Radiator, o!  Radiator! When you don’t work, my life is cold. Right from my nose down to my toes. Radiator, o! Radiator! A fair weather friend am I.  For I can’t help but think when I don’t hear your hum, that YOU’RE JUST A GODDAMN FREEZING HUNK OF METAL!

Summer In The City

It wasn’t that she didn’t enjoy the occasional bout of small talk–not so long as it adhered to templates sampled from the loudest voice to ripple across this morning’s blogosphere.  No, it was all the things that people could be doing while they small talked.  Mixing that latte, ringing up toiletries, debarking the express, generally: tut-tut-to-ing it; crossing the goddamn street.

This, she knew, meant she was decidedly a city person–not a country girl temporarily swapping tree forests for cultural ones, but a get-outta-my-way-gotta-get-this-next-thing-done-it’s-hot-as-hell-out-here-and-I’m-tired-and-hungry-and-don’t-give-a-crap-what-the-tops-of-the-skyscrapers-look-like-you-goddamn-tourist city person.

Or perhaps, as she’d once guessed, this was simply what it meant to be an adult.

The other day while waiting for the light in a haze of burning diesel, she’d overheard a conversation between a modern intellectual type–the kind with black rimmed glasses he had no physical need for and a voice made of NPR/PRI soporific intonations–and one of those shell shocked hippies who looked like he’d just returned from a forty year acid trip to discover the world had moved on but not much improved itself.

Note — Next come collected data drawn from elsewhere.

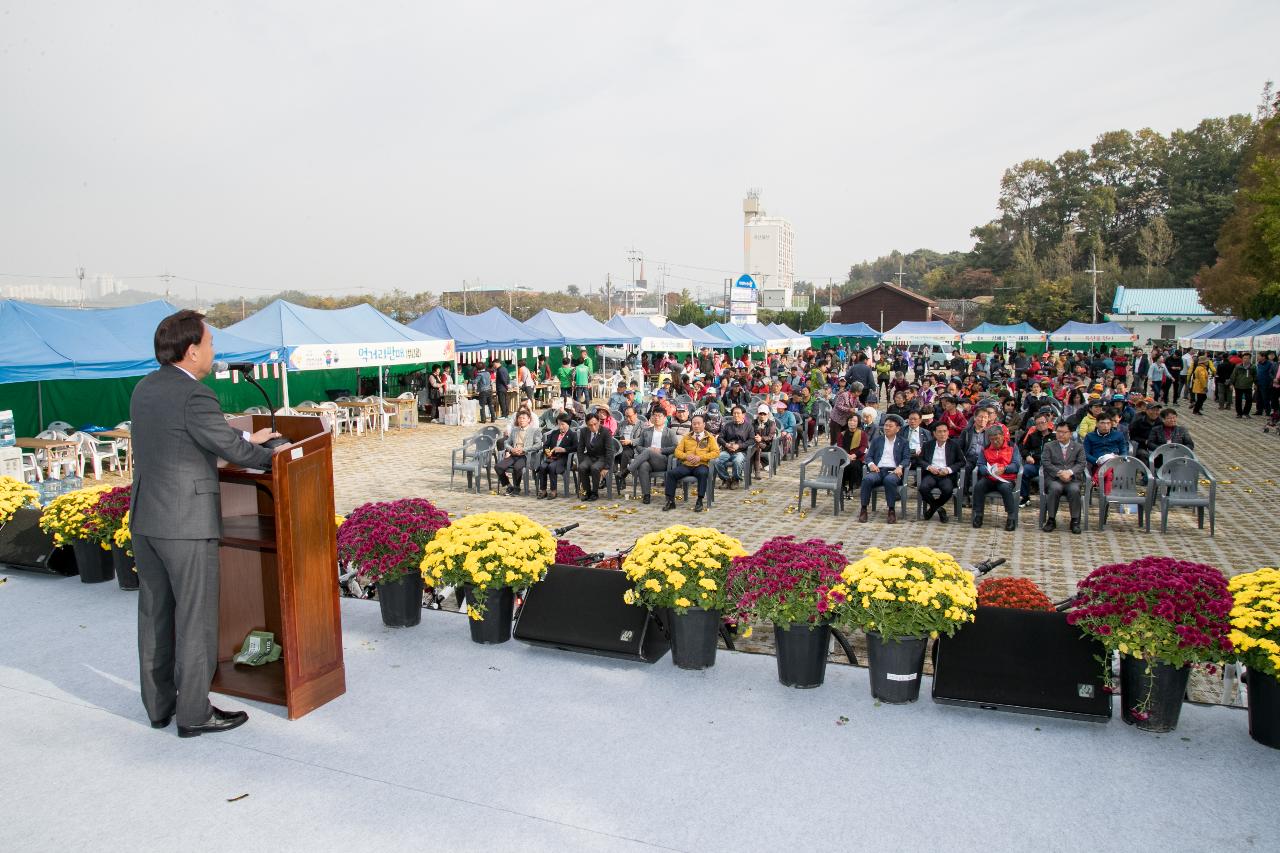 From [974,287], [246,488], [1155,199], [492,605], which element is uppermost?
[1155,199]

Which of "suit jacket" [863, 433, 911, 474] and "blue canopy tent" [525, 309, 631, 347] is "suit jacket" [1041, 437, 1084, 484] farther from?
"blue canopy tent" [525, 309, 631, 347]

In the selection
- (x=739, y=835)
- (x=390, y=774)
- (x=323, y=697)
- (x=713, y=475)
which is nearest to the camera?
(x=739, y=835)

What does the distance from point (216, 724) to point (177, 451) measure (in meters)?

“What about life?” the hippie asked.  “Experience?  Presence?  Moment to moment pleasure?”

The intellectual shrugged, pinched his lips.  “I stopped to smell the roses,” he said, prepared his verdict, tapped his foot.  “Eh.”

Then he sighed, dug for change, made a mental list of phone calls for when he climbed the stairs to his closet-sized loft that lacked real windows yet baked skin like a kiln.

“And how about this weather?”

Then the light changed and they jostled across First, thighs sticky and feverish in the goddamn heat.